Africans can have access to water and sanitation only when country-led service delivery is attained – Report

According to a new report released today by the Water and Sanitation Program (WSP) at the World Bank, African countries that transition to taking a leadership role in safe water and sanitation service delivery to the millions of people without access have an unprecedented opportunity to drastically reduce these numbers by 2015.

The report, Pathways to Progress: Transitioning to Country-Led Service Delivery Pathways to Meet Africa s Water Supply and Sanitation Targets, says economic growth, debt relief, and increasing political stability have opened up new opportunities for many African countries to take charge of their water supply and sanitation sectors and to develop sustainable service delivery pathways.

Political stability has heavily influenced progress in improving access to water and sanitation, said the report s author and Senior Financial Specialist Dominick de Waal. Stable countries have outperformed the fragile ones by making greater increases in water supply coverage and in reducing open defecation in rural areas more markedly. They have also been more successful in keeping coverage levels up with population growth in urban water supply, and achieving more equitable access to water supply and sanitation services.

The frontrunners have robust ‘service delivery pathways’ that use country systems and institutions to translate funding (donor and domestic) into actual higher numbers of people with access to services, the report says.

The report – a collection of 32 country status overview reports and a regional synthesis report – found that in these countries, access to water is up by 13 percentage points since 1990 to 58 percent of the population in the 32 countries studied, with sanitation up by 11 percentage points to 36 percent of the population.

Reaching national goals for these 32 nations will require 42 million people per year to gain access to safe water, and 61 million people to access sanitation.

The report notes that accelerating progress across the countries analyzed requires increasing current funding levels by at least $6 billion a year by raising both domestic and donor financing flows to the sector. The gap is the difference between total needs to meet these countries targets of $15 billion, and the anticipated finance from governments, donors, civil society organizations, and households of around $9.5 billion per year.

“With development aid funds unlikely to meet the gap, countries will need to engage their ministries of finance,” said Principal Regional Team Leader for Africa Wambui Gichuri. Analysis suggests a share of 5 percent of domestic revenues is an appropriate benchmark and advocacy target for domestic spending on water supply and sanitation.

The opportunity to accelerate progress, the report says, lies in completing the transition to country-led service delivery that:

– draws on all available capacity – civil society, private, public and consumers – to implement and sustain services; and

– harmonizes and aligns aid flows with domestic and user finance, routed through country systems and institutions.

“Countries in Africa are at different stages of being able to deliver progress towards the 2015 water and sanitation goals for improved water and sanitation access, said World Bank Director for Transport, Water, and Information & Communication Technologies Jose Luis Irigoyen.

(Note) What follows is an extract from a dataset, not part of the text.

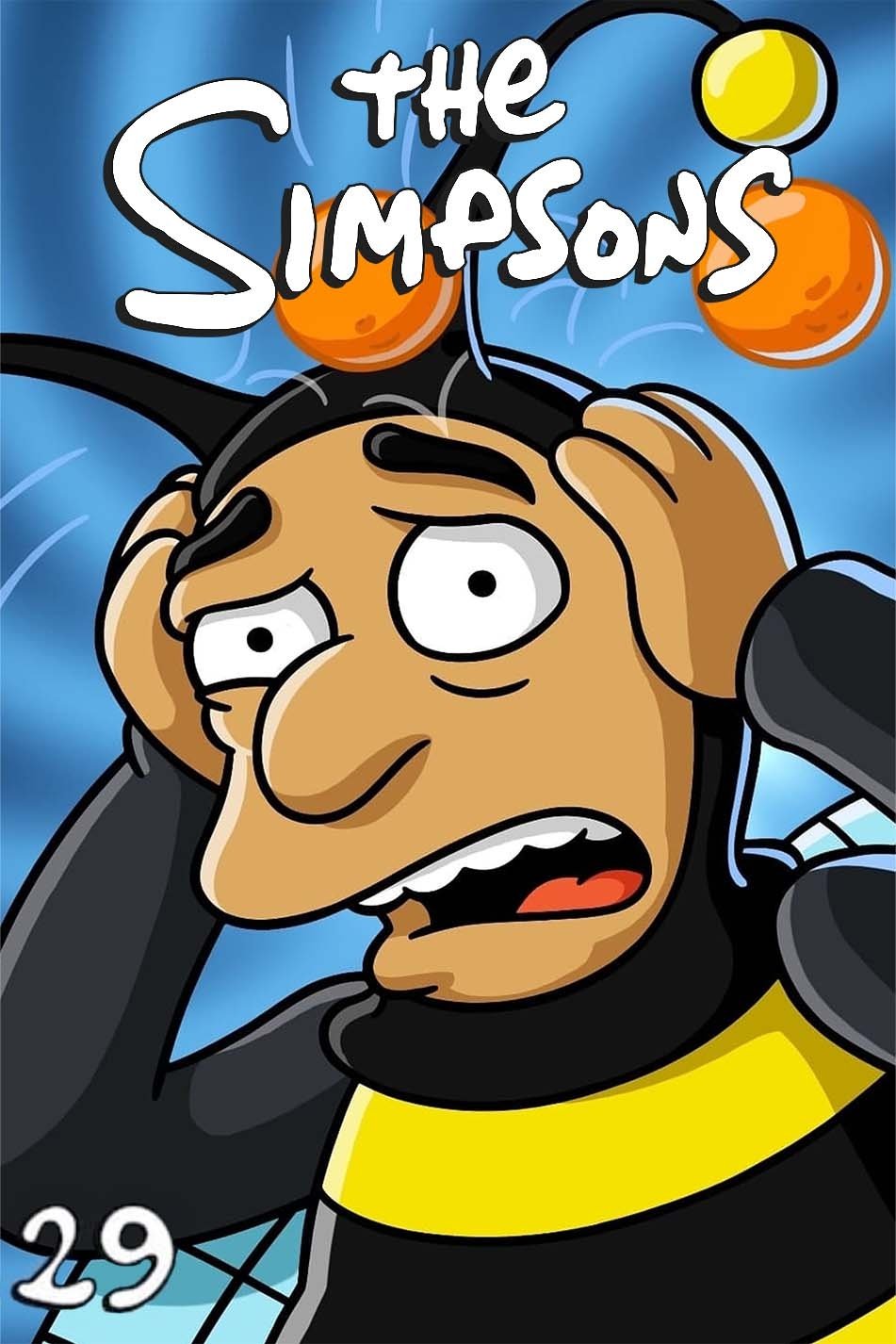 Los Simpson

Within countries, the sub-sectors (rural water, urban water, rural sanitation, urban sanitation) are at different stages of evolution, making it a challenge to target the right form of development assistance to the right place. This report provides an innovative look at the bottlenecks in subsector service delivery pathways within countries and offers recommendations on how to fill that gap.”

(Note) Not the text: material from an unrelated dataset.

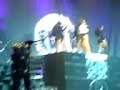 Rihanna - Break it Off @ the HMH Amsterdam, Holland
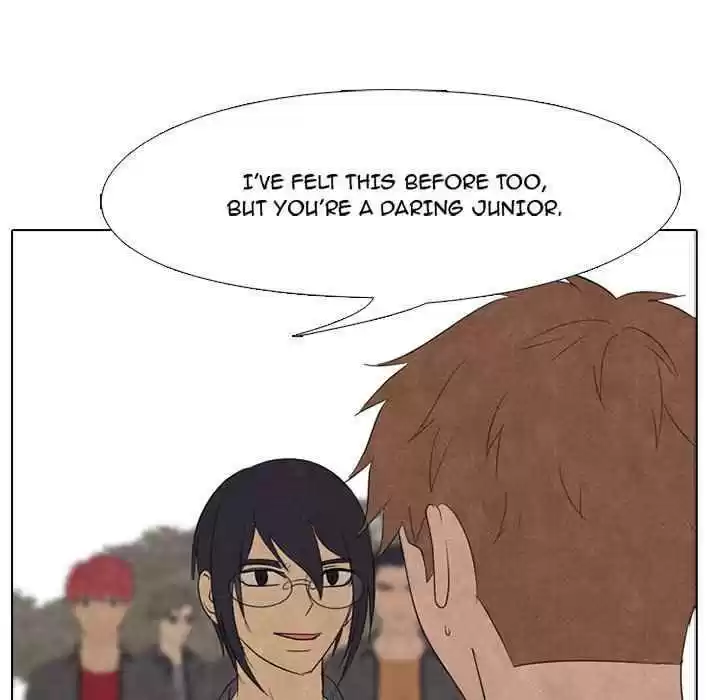 High School Devil Chapter 153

The report offers action steps to closing the gap. Water-related ministries can put in place and strengthen country-led, nationwide service delivery and use appropriate analyses and studies as evidence in advocating for needed financing.

Development partners can respond to needs and reward efforts by tailoring technical assistance and aid modalities to the various stages of development outlined in the report.

Ministries of finance can incrementally increase the sector s share of the domestic budget to 5 percent of domestic revenue and collaborate with water and sanitation ministries to link sector processes with core-government systems like budget and expenditure management.

Finally the African Ministers Council on Water can advocate for enhanced external support for water supply and sanitation and foster regional learning among peers.

The report was commissioned by the African Ministers Council on Water. Development was led by WSP in collaboration with the African Development Bank, the United Nations Children s Fund, the World Bank and the World Health Organization. The report was prepared in consultation with the governments of the countries studied and other stakeholders.

The Water and Sanitation Program (WSP) is a multi-donor partnership administered by the World Bank to support poor people in obtaining affordable, safe, and sustainable access to water and sanitation services. WSP s donors include Australia, Austria, Canada, Denmark, Finland, France, the Bill & Melinda Gates Foundation, Ireland, Luxembourg, Netherlands, Norway, Sweden, Switzerland, United Kingdom, United States, and the World Bank.